From shielding energy policy deliberations to setting up military tribunals without court involvement, Bush, with Cheney's encouragement, has taken what scholars call a more expansive view of his role than any commander in chief in decades. With few exceptions, Congress and the courts have largely stayed out of the way, deferential to the argument that a president needs free rein, especially in wartime.
In fact, President Obama has been quick to criticize executive power, at least as it was used by President Bush.
"I think it’s going to take some time, and our legal teams are working in consultation with our national security apparatus as we speak to help design exactly what we need to do," Obama said on ABC’s ‘This Week’. "But I don’t want to be ambiguous about this. We are going to close Guantanamo, and we are going to make sure that the procedures we set up are ones that abide by our Constitution."
Of course, when it comes to his own administration, President Obama has certainly taken his own expansive use of executive power.
Here is how President Obama views the cabinet system created by the Framers of the Constitution.

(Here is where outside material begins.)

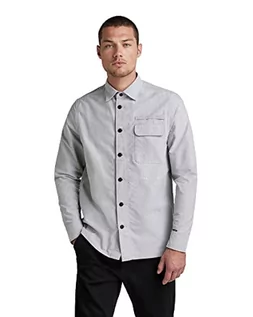 Koszule męskie - G-STAR RAW, Męska koszula z kieszonką na długopis, Mehrfarbig (odpowiednio szary/biały Oxford C895-c760), XL - grafika 1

But Obama appears willing to take that chance. Aides say he believes the Cabinet structure is outdated because it doesn’t recognize that problems like global warming sprawl across several agencies, often requiring a sort of uber-Cabinet member – a czar – to confront them.
As such, instead of using the "outdated" structure of Cabinet appointees, President Obama has instead appointed all sorts of Czars, advisors, and envoys. The latest is the appointment of a
WMD Czar. It is rather convenient that President Obama finds the Cabinet structure outdated. That's because czars, advisors, and envoys need not get Senate approval. They have no bureaucratic structure. Most of all, they are only answerable to the President himself. In fact, all these czars, envoys, and advisors have been created by President Obama out of whole cloth. They will do whatever he wants them to do.

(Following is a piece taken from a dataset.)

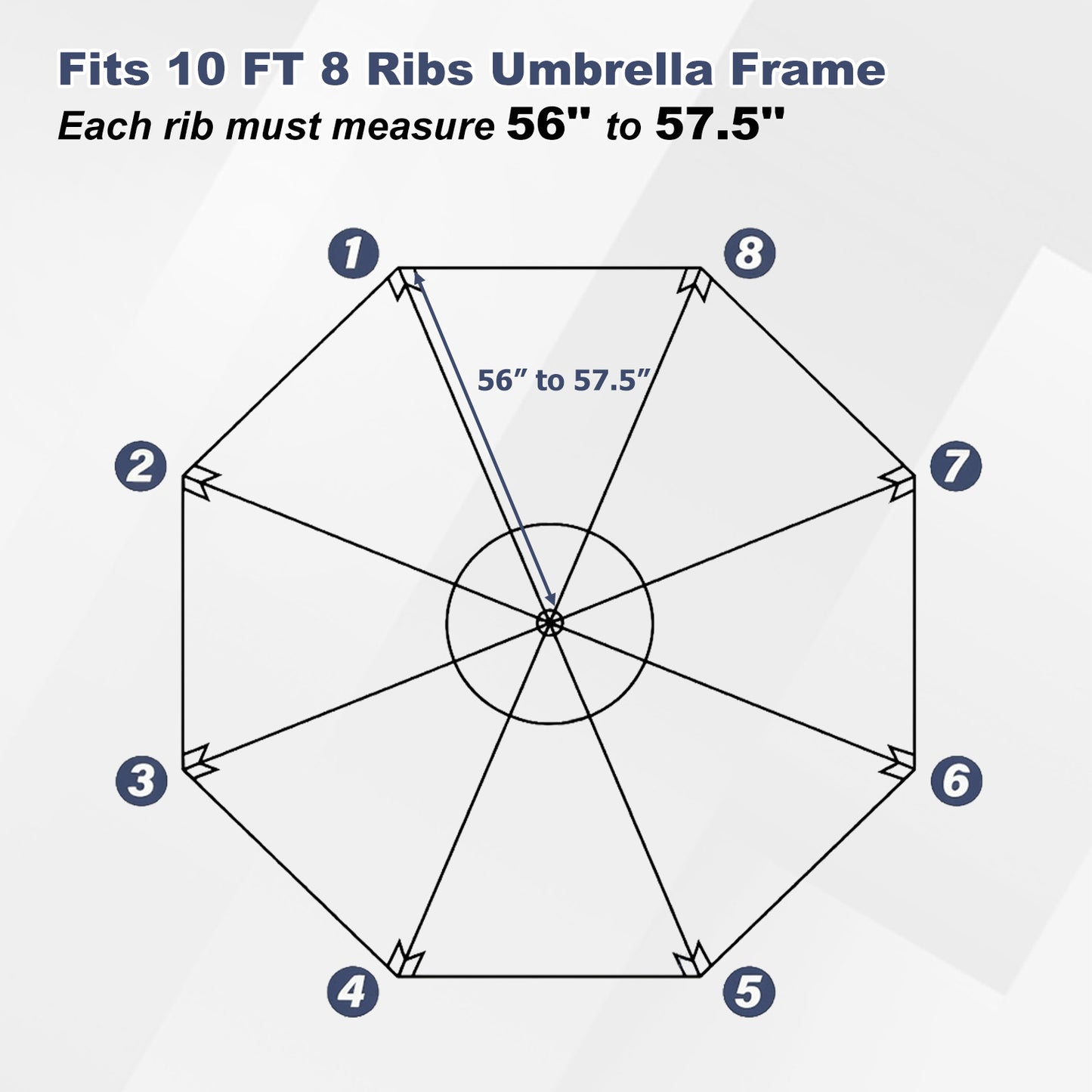 Patio Umbrella Replacement Canopy for 8 Ribs Table Umbrella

Now, it's true that Cabinet Secretaries are also ultimately answerable to the President. Unlike Czars, Envoys and advisors, they have a bureaucratic structure that they use to implement policy. Envoys, Czars, and advisors have no such problem. They are also not answerable to the sort of Congressional oversight that a traditional Secretary would. They can do whatever they want. Furthermore, their only job is whatever the President asks of them.
By creating a structure for the White House that consolidates power outside of the Cabinet structure, President Obama also consolidates power in the hands of a few that are answerable only to him. By doing so, he also expands his own executive power. It seems that the expansion of Executive power is only a bad thing when you are out of power.